Pantauan media ini, tim mendatangi Alfamidi se-Tanjung Selor dan beberapa toko lainnya. Dipastikan minyak goreng dijual sesuai aturan. Kepala Bidang (Kabid) Perdagangan, Dinas Perindustrian Perdagangan Koperasi dan Usaha Kecil Menengah (Disperindagkop dan UKM) Bulungan Murtina menjelaskan, seluruh Alfamidi di Tanjung Selor sudah mengikuti aturan. Untuk minyak goreng dengan ukuran 2 liter, dijual Rp 28 ribu.

“Namun pembeliannya dibatasi kepada masyarakat. Per orang hanya 2 liter,” terangnya, Kamis (20/1).

Stok yang ada di Alfamidi tergantung pemesanan. Pasalnya, barang diambil dari Samarinda. Dalam sebulan dengan dua kali pengambilan. Setiap kali mengambil 20-25 dos.

“Ini kita lanjut sampai ke pasar-pasar. Kita beri informasi bahwa harga minyak harusnya Rp 14 ribu per liter,” tuturnya.

Pihaknya memberikan waktu sepekan untuk menyesuaikan harga minyak goreng. Untuk stok lama, akan dikoordinasikan ke Kaltara. Sementara itu, Kepala Seksi Bina Usaha dan Pelaku Distribusi Disperindagkop dan UKM Kaltara Bernitha Sondak menambahkan, sesuai instruksi Kementerian Perdagangan ke seluruh Alfamidi. Untuk penyesuaian harga minyak goreng Rp 14 ribu per liter. Itu dilakukan guna memenuhi kebutuhan rumah tangga dan UMKM.

“Untuk toko-toko dan lainnya, diberikan waktu seminggu untuk penyesuaian harga,” ungkapnya.

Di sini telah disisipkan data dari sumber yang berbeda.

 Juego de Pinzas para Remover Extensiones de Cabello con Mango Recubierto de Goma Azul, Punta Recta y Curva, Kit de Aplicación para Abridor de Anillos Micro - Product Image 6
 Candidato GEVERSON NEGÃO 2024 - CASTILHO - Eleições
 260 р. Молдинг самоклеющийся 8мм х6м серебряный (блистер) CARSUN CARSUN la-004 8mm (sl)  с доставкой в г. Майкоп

Hasil pantauan ke swalayan di Bulungan, sudah ada konfirmasi distributornya dari beberapa merk untuk pengembalian selisih harga dari minyak goreng yang didistribusikan. Kemungkinan distributor meminta agar tidak dijual dahulu, sebelum penghitungan selisih selesai.

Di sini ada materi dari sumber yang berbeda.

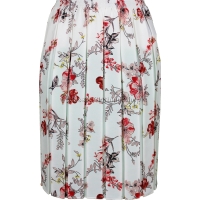 Coral Floral Full Elastic Pleated Print Skirt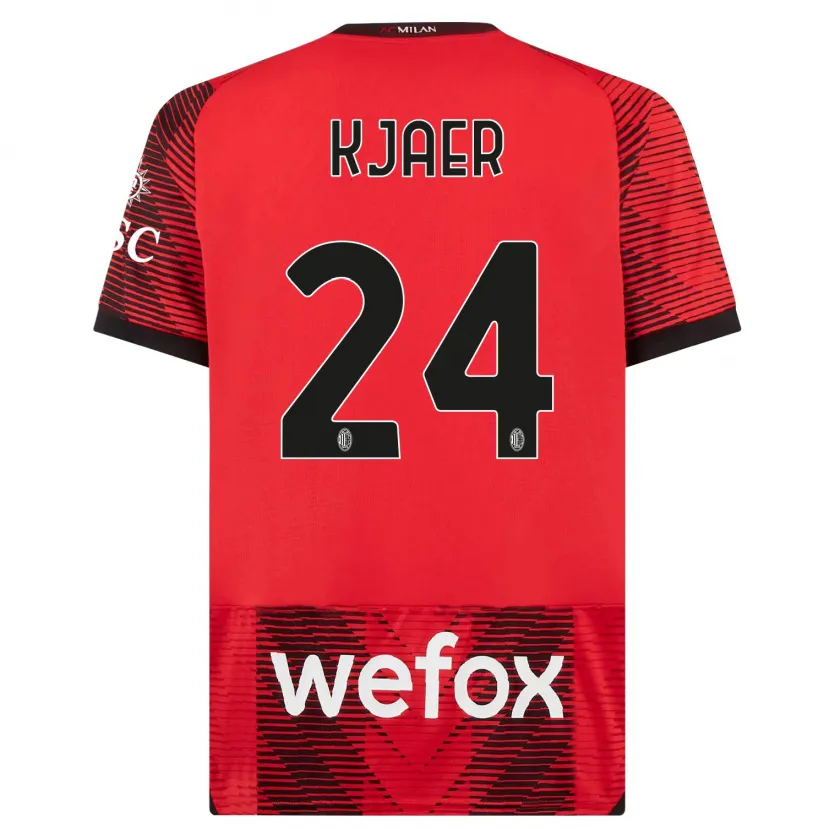 Danxen Niño Camiseta Simon Kjaer #24 Negro Rojo 1ª Equipación 2023/24 La Camisa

“Beberapa distributor mungkin masih belum tahu. Kami menyampaikan ada kebijakan terbaru dari pusat,” jelasnya. Jika tidak sesuai dan tidak memenuhi kebutuhan itu, maka akan diberikan sanksi. Berupa pencabutan izin atau pembekuan. 

Dari hasil pantauan, pihaknya akan melaporkan ke pusat. Jika dalam seminggu tidak menyesuaikan harga. “Ini kita bahas juga dan dikoordinasikan dengan pihak terkait,” tegasnya.

Terkait penjual eceran yang terdampak, upaya pemerintah untuk menghadapi dengan berkoordinasi dengan pusat. (fai/uno)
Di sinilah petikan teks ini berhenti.